An August report published by the U.S. Environmental Protection Agency (EPA) concluded that the energy consumption of servers and data centers has doubled in the past five years and will almost double again in the next five, to an eventual cost of about $7.4 billion annually.
VARs savvy in data center management and power conservation can use that knowledge not only to help current customers, but to attract new ones as well.
Two-thirds of the IT managers were current customers. But the rest were brand-new prospects.

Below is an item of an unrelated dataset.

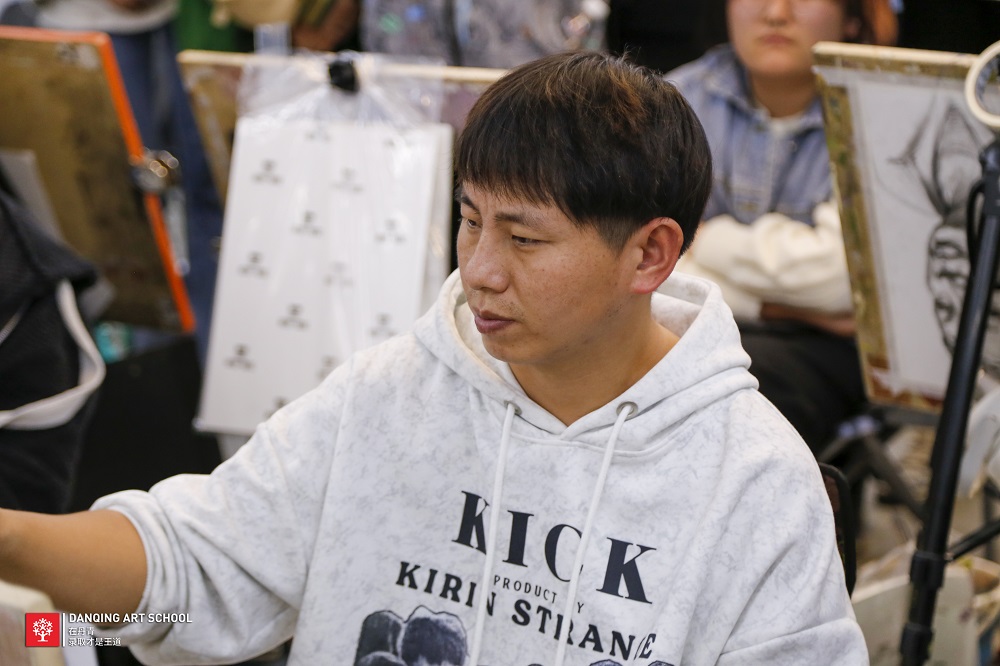 【人物速写】想要画得像，除了五官，四肢动态也很重要 ！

Nexus signed six of them -- all midmarket customers with data centers of between 100 to 500 servers.
"If you want to try to get people's attention, green is not a bad marketing tool, because people are looking for different options," said Keith Norbie, director of Nexus' storage division. "All of us in the VAR channel are looking for some way to have some differentiation. And that's not a bad differentiation -- to specialize in the green technology area."

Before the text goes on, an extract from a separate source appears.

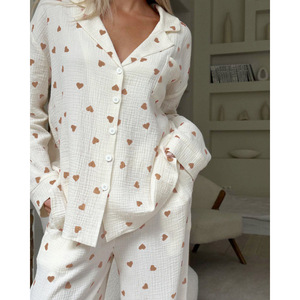 Pijamas por Atacado para Mulheres Conjunto de Roupa de Dormir Conjunto de Pijama Feminino de Duas Peças com Estampa de Coração - Product Image 6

Two months ago Nexus launched a campaign in which it offers a free Nintendo Wii to chief information officers (CIOs) who bring Nexus in to do a free energy assessment.
Talking about how to finance green data center management can be as attractive as talking about the technology, according to Sandy Potter, vice president of business development at Norcross, Ga.-based Optimus Solutions LLC.
For one Atlanta event, Optimus brought in an accountant to talk about grants, funding and tax incentives that IT managers can tap into as they build out their data centers, Potter said.
"Easily 25% of the people that attended our events were people that we had never done business with, and two companies have asked us to do an assessment of their power capacity," Potter said. "We've been asked to present the same content to a CIO group in Florida, so we are finding a lot of interest in this."
At some large companies the issues of power efficiency have reached a critical point, according to Tom Clark, a board member of the Storage Networking Industry Association (SNIA).
"I recently met with a whole group of data center managers and there were four or five whose data centers had already reached the maximum power availability that they could," Clark said. "Their power utilities simply cannot supply them with additional seats. At the same time they are facing this ever-increasing growth of data so they are in a real pinch."
In September, SNIA -- a vendor advocacy group -- launched a project called the Green Storage Initiative (GSI) to evangelize power-conserving storage to data center managers and to develop tools that measure the efficient use of power in a standard way. Microsoft, Hewlett-Packard Co., EMC Corp., IBM and Network Appliance Inc. are among the GSI's members.
Many of the same vendors are members of an industry group with a slightly broader focus, the Green Grid Alliance, which has also been working with the department of energy and developing metrics on the efficient use of power in data centers.
While medium-sized companies don't have to deal with the same critical issues as large companies, they are faced with expanding their data center operations as data continues to grow.
"Midsized companies should not be oblivious to the green issue, because everyone wants to save money on their operations," Clark adds.
For Norbie, medium-sized businesses present a wealth of opportunities. For example, the new political emphasis on being environmentally friendly has led utility companies to give credits for energy efficiency. VARs can also demonstrate to customers how technologies like server virtualization and data deduplication can result in cost reductions, or even catch customers who are looking for options to redesign their data centers. All these options mean one thing: "Midmarket clients are looking for alternatives, and one of them has to be looking for an energy-efficient, smarter footprint in the data center. Developing a green IT strategy is something that makes good business sense," Norbie said.